For the early history of Christianity, Agapius made use uncritically of apocryphal and legendary materials. For the following secular and ecclesiastical history, he relied on Syriac sources, in particular the World Chronicle of the Maronite historian Theophilus of Edessa (d. 785) for the end of the Umayyad period and the beginning of the Abbasids. He made use of Eusebius's Church History only through an intermediary compilation of short extracts. This he supplements from other sources. He gives an otherwise unknown fragment of Papias; and a list of Eastern Metropolitans. He uses the lost History of Bardaisan, but many of his sources remain unknown. He was the first Eastern writer to call Tatian a heretic

The History has been published with a French translation in the Patrologia Orientalis series and with a Latin translation in the Corpus Scriptorum Christianorum Orientalium series.

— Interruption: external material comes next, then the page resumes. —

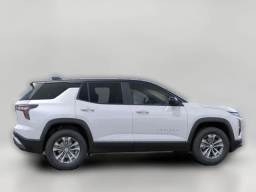 Chevrolet Equinox AWD LT 4dr 2026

His history contains a version of the Testimonium Flavianum that lacks many of the most clearly Christian elements of the text in surviving Josephus manuscripts.

==Editions==

- Alexander Vassiliev (ed.), Kitab al-'Unvan (Universal History), Patrologia Orientalis, No. 5 (1910), 7 (1911), 8 (1912), 11 (1915).
- Robert G. Hoyland (ed.), Theophilus of Edessa's Chronicle and the Circulation of Historical Knowledge in Late Antiquity and Early Islam. Liverpool University Press, Liverpool 2011 (Translated Texts for Historians).
- Louis Cheikho (ed.), Agapius episcopus Mabbugensis. Historia universalis, CSCO 65, 1912.
- Robert G. Hoyland: Seeing Islam as Others Saw It. A Survey and Evaluation of Christian, Jewish and Zoroastrian Writings on Early Islam. Darwin Press, Princeton 1997, S. 440–442.
- Lucien Malouf: Agapios of Hierapolis. In: New Catholic Encyclopedia. 2. Auflage. Band 1, Detroit 2003, S. 173.